# Dividing bins into segments

This may be a question with a well known answer, but I've been thinking on it for two days, and can't quite come up with a satisfactory answer.

Consider the problem of dividing $p n$ bins numbered $1$ through $pn$ into $p m + 1$ segments by placing $pm$ balls.
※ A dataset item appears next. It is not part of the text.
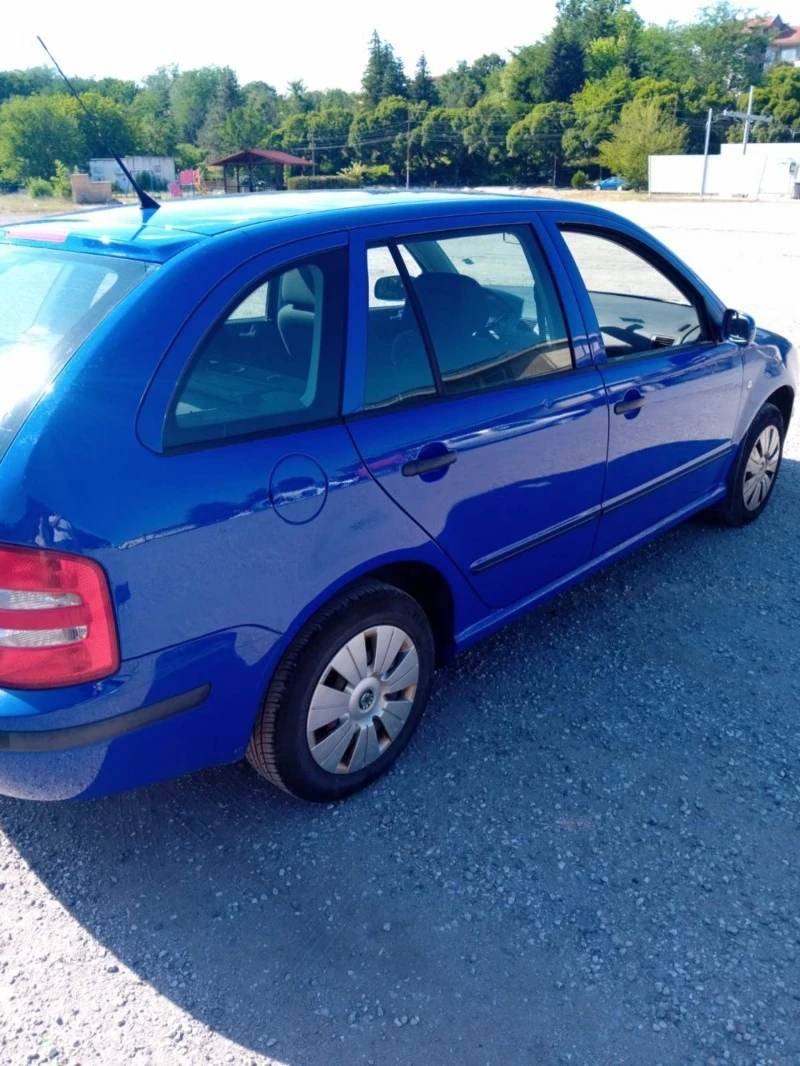 Skoda Fabia, снимка 3 - Автомобили и джипове - 47014043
If we let $k = pn - pm \bmod pm+1$, then we can show that we may attain a placement of the $pm$ balls such that there are exactly $(pm+1) - k$ segments of empty bins of length $\lfloor \frac{pn-pm}{pm+1} \rfloor$ and $k$ segments of empty bins of length $\lceil \frac{pn-pm}{pm + 1} \rceil$.

Here's the tricky question: can we accomplish this task while ensuring that there are exactly $m$ balls in each interval $[(j-1)n + 1, jn]$, for $j \in \{1, 2, \dots, p\}$?
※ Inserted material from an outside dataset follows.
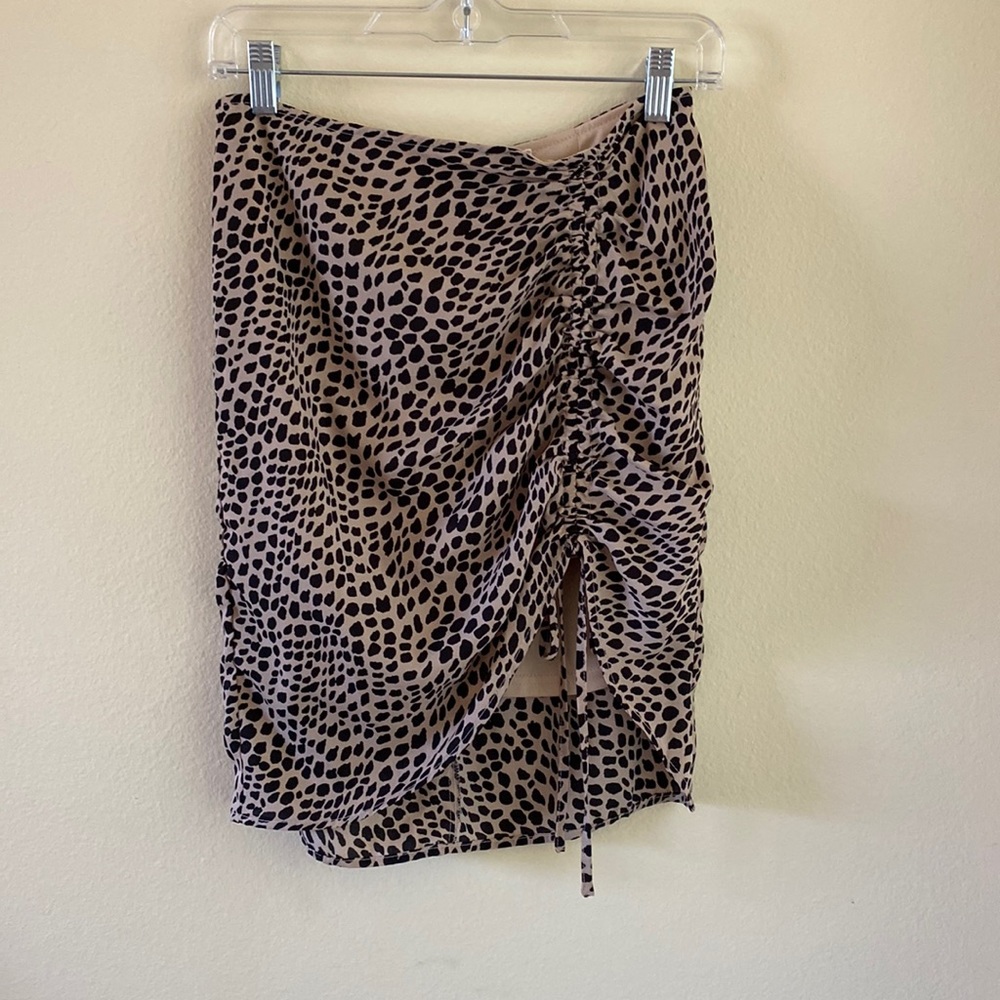Sadie and Sage cheetah print skirt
Every concrete example I work through answers in the affirmative, but I can't seem to get an algorithmic way of doing it, or mathematical proof that one such arrangement exists.
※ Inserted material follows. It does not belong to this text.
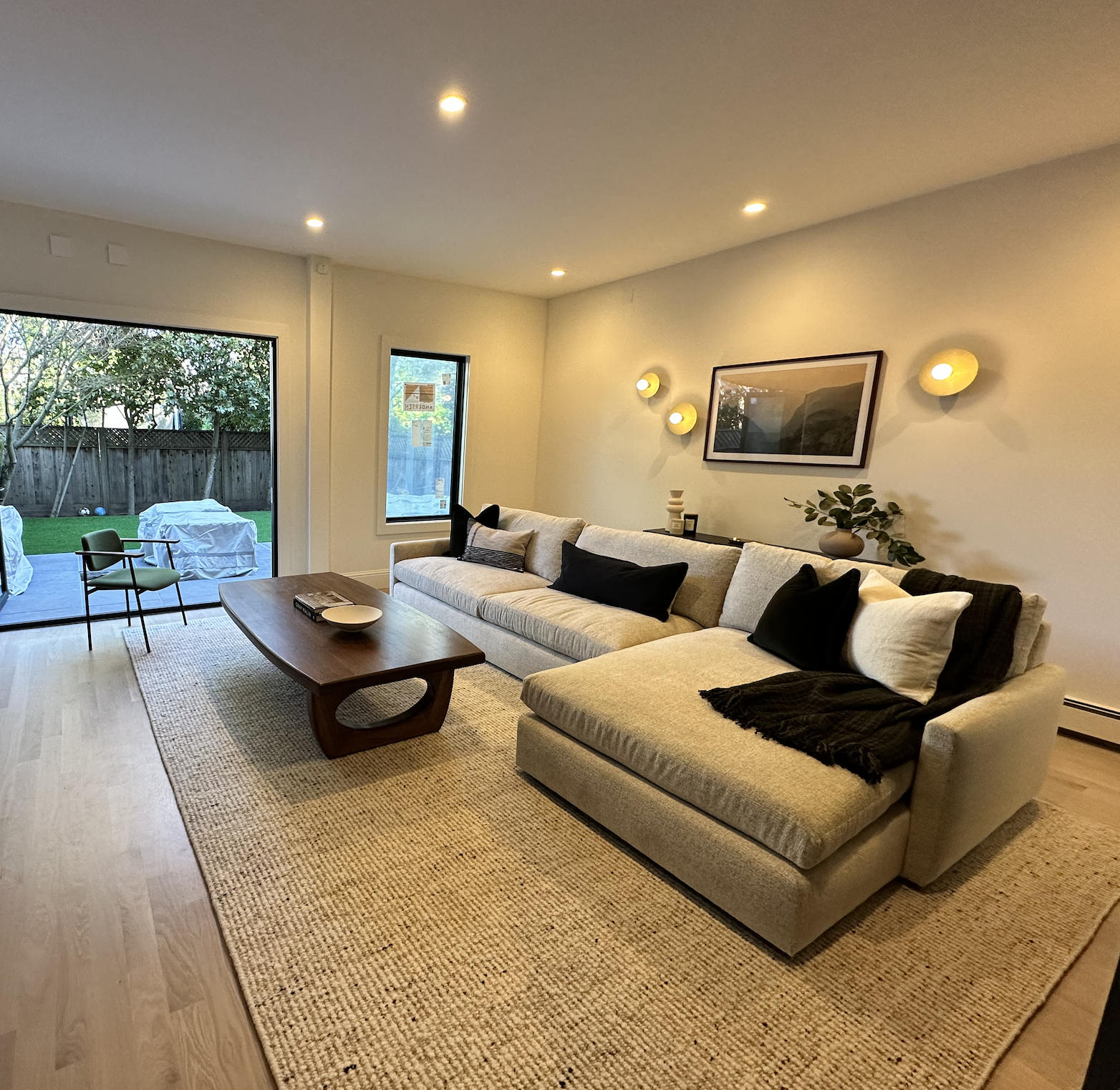 faralli living room 3.png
For particular examples, it always seems to work. See an example below with $p = 2,$ $n = 7,$ $m = 2.$

1| |X| | |X|1|X| | |X| | |

where 1 denotes the beginning of a new 'period', and | denotes the 'wall' of a bin, and X denotes a ball. Note that 1 and | both denote 'walls' of bins.

• Your example is actually not regular. You want ||X|||X|||X|||X||. Mar 25, 2016 at 0:34
• Not sure I agree with that; my example has $pn = 14$ bins, with $7$ in each period. Yours appears to only have $12$ bins? Mar 31, 2016 at 14:08
• I count 14. Are you counting the extreme ones? Mar 31, 2016 at 18:35
• Ah, no I was not. I only counted bins as spaces with lines on either side. So, I missed the two most extreme bins in your example. Thanks! Apr 5, 2016 at 18:09

For $0 \leq i \leq pm+1$, define $$x_i = \left\lfloor i \frac{pn+1}{pm+1} \right\rfloor.$$ We put ball $i$ in bin $i$ for $1 \leq i \leq pm$. The length of the $i$th space (for $1 \leq i \leq pm+1$) is $$x_i - x_{i-1} = \left\lfloor i \frac{pn+1}{pm+1} \right\rfloor - \left\lfloor (i-1) \frac{pn+1}{pm+1} \right\rfloor \in \left\{ \left\lfloor \frac{pn+1}{pm+1} \right\rfloor, \left\lceil \frac{pn+1}{pm+1} \right\rceil \right\},$$ so your first condition is satisfied (the spaces are as equal to each other as possible).
For your second condition, we need to verify that $1 \leq x_1,\ldots,x_m \leq n$, $n+1 \leq x_{m+1},\ldots,x_{2m} \leq 2n$, and so on. It's clearly enough to verify that $x_{Cm} \leq Cn$ for $1 \leq C \leq p$ and that $x_{Cm+1} > Cn$ for $0 \leq C < p$. For the first condition, we have $$x_{Cm} = \left\lfloor Cm \frac{pn+1}{pm+1} \right\rfloor < Cm \frac{pn+1}{pm+1} + 1 = \frac{Cpmn + Cm + pm + 1}{pm+1} \\ < \frac{Cpmn + Cn + pm + 1}{pm+1} = Cn+1,$$ using your implicit assumption $m < n$. For the second condition, $$x_{Cm+1} = \left\lfloor (Cm+1) \frac{pn+1}{pm+1} \right\rfloor \geq (Cm+1) \frac{pn+1}{pm+1} = \frac{Cpmn + Cm + pn + 1}{pm+1} \\ \geq \frac{Cpmn + Cn + pm + 1}{pm+1} = Cn+1,$$ using $Cm + pn \geq Cn + pm$, which follows from $(p-C)(n-m) \geq 0$.